Change Your Report!

Via WBUR News:

Massachusetts State Police are defending their actions after a trooper filed suit alleging that top police commanders disciplined him and forced him to revise an arrest report for a judge’s daughter.


Trooper Ryan Sceviour’s suit alleges that after he arrested 30-year-old Alli Bibaud for driving under the influence near Worcester last month, he was told to revise the arrest report. Bibaud’s father is Dudley.


In the initial arrest report, Sceviour wrote that Bibaud told officers she got drugs in exchange for sex and she offered Sceviour sex in exchange for leniency.


Two days after Bibaud’s arrest, the lawsuit says that a trooper came to Sceviour’s house and took him to meet with top police officials. There, Sceviour says, he was told to falsify records and remove the references to sex and Bibaud’s father so as not to embarrass the judge.


Sceviour says he was told that the changes were “ordered by the colonel” — which he presumes meant state police Col. Richard McKeon, who supervises the state police.


A statement from state police says ” Supervisory members of the State Police, up to and including the Colonel, may review any report and have the responsibility to order any appropriate revisions. In the report in question, the revision consisted only of removal of a sensationalistic, directly-quoted statement by the defendant, which made no contribution to proving the elements of the crimes with which she was charged.”


The statement also says ” The defendant remains charged — as she was initially charged — with operating under the influence of drugs, operating under the influence of liquor, negligent operation of a motor vehicle, and two other motor vehicle offenses and she will be held accountable for those crimes based on the evidence collected by State Police.”


State police spokesman David Procopio also says the reprimand to Trooper Sceviour is not technically discipline.

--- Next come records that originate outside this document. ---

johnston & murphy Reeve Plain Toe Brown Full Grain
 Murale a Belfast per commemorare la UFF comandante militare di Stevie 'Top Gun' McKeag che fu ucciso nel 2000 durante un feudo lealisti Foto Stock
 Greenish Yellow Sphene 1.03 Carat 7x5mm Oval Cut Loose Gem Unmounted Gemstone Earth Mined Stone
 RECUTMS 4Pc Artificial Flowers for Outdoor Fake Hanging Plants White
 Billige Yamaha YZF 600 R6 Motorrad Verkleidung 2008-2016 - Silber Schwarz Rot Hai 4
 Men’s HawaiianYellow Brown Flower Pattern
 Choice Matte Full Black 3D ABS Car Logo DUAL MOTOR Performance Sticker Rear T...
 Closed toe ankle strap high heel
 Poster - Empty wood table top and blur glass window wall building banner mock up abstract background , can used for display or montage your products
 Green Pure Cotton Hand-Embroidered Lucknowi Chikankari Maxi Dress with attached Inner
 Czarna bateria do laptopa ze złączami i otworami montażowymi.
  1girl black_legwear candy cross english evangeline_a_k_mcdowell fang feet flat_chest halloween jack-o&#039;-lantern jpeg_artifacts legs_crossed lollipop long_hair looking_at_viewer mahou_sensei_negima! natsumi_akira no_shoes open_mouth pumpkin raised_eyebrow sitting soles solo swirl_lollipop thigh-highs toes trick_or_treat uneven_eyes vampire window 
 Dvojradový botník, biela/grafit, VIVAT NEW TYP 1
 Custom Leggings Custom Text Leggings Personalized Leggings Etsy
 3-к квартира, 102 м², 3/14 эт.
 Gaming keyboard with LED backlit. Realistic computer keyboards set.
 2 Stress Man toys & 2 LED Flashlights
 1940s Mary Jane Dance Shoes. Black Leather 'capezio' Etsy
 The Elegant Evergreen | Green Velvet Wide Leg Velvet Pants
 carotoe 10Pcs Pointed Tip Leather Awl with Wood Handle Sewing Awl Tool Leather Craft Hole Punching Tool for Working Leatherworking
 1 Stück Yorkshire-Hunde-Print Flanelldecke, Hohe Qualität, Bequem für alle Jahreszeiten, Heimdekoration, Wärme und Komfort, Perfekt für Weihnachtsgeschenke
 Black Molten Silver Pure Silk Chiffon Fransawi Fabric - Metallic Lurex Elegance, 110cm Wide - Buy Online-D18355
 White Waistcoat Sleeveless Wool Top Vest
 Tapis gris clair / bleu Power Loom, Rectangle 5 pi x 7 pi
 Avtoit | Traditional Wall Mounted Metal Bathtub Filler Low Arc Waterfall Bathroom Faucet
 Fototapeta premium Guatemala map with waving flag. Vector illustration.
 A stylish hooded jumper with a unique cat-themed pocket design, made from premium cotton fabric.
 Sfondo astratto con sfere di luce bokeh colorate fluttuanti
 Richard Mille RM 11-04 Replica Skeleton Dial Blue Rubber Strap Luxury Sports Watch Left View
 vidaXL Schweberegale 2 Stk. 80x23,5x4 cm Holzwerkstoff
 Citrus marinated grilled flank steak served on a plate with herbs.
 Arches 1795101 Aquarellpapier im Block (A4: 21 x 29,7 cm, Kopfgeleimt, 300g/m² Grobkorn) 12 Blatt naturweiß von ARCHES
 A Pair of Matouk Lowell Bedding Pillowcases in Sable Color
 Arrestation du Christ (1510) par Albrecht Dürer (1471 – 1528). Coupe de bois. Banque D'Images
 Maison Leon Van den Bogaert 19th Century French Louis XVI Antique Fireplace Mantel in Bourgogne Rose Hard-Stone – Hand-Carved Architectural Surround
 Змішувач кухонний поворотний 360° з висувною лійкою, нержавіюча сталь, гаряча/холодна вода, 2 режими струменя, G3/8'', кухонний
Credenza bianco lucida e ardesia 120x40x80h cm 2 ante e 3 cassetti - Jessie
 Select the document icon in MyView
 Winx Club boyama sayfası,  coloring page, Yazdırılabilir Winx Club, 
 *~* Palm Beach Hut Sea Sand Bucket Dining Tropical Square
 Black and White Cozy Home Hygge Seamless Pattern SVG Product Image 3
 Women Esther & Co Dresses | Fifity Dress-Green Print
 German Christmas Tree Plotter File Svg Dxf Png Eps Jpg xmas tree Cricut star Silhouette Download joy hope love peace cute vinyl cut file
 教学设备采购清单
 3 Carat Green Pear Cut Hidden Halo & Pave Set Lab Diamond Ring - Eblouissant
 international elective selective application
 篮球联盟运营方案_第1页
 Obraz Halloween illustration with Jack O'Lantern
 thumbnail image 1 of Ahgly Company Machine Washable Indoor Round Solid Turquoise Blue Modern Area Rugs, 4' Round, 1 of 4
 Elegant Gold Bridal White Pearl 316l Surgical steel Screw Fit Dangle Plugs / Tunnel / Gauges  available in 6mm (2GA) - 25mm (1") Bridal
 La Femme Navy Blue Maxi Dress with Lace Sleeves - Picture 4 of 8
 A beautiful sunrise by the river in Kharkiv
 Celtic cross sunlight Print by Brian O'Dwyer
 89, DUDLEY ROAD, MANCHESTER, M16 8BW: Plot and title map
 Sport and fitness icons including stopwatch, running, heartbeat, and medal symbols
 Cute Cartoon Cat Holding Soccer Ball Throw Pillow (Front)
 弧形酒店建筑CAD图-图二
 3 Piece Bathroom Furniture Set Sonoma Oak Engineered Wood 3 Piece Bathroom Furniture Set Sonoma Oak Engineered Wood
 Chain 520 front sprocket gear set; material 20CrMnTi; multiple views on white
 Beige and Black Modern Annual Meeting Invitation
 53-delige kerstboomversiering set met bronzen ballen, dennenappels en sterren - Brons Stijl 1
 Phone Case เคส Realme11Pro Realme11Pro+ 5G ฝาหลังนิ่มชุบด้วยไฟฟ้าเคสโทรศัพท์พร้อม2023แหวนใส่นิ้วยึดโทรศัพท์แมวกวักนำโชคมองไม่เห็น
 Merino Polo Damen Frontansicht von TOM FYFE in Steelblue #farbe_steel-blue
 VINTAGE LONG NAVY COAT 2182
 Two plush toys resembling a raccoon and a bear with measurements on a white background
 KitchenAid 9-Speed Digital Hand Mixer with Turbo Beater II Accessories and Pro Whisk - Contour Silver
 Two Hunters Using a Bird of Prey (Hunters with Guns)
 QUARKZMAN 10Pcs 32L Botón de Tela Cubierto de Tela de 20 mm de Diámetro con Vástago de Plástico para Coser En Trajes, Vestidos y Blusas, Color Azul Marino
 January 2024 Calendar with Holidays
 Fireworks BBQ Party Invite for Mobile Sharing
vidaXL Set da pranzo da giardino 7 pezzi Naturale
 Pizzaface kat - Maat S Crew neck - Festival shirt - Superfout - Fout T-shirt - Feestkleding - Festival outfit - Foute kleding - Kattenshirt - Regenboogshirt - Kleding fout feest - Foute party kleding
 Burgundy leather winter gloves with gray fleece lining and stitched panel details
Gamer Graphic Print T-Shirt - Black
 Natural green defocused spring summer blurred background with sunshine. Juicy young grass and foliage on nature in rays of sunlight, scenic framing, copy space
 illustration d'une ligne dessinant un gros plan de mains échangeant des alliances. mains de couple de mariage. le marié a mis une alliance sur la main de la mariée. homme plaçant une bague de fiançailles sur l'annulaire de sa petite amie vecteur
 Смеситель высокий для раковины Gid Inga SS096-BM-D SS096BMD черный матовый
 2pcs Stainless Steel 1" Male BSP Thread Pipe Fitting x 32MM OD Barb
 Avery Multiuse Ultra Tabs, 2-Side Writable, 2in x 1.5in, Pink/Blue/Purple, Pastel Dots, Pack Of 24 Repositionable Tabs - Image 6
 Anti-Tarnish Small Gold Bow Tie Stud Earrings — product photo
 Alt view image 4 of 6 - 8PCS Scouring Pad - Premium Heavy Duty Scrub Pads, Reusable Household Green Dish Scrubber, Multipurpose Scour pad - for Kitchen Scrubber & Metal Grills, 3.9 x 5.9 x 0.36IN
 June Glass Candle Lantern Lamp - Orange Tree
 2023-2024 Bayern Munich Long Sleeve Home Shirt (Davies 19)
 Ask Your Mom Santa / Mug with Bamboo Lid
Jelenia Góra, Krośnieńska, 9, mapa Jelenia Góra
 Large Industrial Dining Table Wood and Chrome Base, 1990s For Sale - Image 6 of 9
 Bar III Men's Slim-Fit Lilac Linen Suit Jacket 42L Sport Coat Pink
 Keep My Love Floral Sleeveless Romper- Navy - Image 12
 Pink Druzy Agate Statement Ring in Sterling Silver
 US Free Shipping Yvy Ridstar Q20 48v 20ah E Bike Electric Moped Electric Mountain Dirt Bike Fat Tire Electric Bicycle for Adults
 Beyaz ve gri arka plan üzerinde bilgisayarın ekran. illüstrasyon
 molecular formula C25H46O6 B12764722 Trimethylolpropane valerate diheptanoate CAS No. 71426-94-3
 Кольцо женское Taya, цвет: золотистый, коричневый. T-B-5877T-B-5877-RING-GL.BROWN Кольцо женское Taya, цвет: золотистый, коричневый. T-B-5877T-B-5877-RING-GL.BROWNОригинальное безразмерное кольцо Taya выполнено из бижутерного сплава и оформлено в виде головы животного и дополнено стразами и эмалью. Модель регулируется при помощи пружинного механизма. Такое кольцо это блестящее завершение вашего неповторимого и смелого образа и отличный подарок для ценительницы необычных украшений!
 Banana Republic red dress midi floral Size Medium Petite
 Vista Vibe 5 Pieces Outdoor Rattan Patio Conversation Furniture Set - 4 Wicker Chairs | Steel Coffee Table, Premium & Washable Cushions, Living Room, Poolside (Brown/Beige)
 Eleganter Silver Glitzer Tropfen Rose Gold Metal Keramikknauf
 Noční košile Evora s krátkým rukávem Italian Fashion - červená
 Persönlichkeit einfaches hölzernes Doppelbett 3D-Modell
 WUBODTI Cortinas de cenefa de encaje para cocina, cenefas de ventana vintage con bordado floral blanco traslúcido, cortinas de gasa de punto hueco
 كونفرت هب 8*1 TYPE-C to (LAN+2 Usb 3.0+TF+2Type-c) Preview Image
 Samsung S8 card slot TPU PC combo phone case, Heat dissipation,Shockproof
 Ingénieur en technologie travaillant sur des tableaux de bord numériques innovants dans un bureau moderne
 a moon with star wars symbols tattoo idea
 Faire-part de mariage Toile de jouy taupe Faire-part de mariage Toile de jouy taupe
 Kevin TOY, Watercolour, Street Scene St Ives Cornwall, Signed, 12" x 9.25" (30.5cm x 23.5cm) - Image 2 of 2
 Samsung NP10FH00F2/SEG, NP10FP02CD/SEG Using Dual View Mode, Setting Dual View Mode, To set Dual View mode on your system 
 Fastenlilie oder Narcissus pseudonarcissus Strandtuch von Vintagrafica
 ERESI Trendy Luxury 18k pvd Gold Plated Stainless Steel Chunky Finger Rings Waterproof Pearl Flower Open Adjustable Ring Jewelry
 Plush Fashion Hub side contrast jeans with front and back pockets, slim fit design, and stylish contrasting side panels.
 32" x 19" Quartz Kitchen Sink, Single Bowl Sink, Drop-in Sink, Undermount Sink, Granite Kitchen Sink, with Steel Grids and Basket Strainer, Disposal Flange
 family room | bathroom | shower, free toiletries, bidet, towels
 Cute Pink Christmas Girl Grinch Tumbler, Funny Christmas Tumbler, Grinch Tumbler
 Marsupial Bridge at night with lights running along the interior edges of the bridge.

When an arrestee offers sex or money or anything to an officer so that he will reduce a charge is against the law and belongs in the officers report so that can show the state of mind that the defendant was in. An officer writes his report placing the facts of the case so that people can see what was transpiring at the scene at that time. “Remember if it’s NOT written down it NEVER happen.” What would these supervisors have done if the officer was wearing a video camera? Would they have erased parts of the tape? Would they have had the officer erase parts of the tape? All ILLEGAL ACTS and against department rules. This is way I always wear a video camera to back up my reports and back up what people say to me.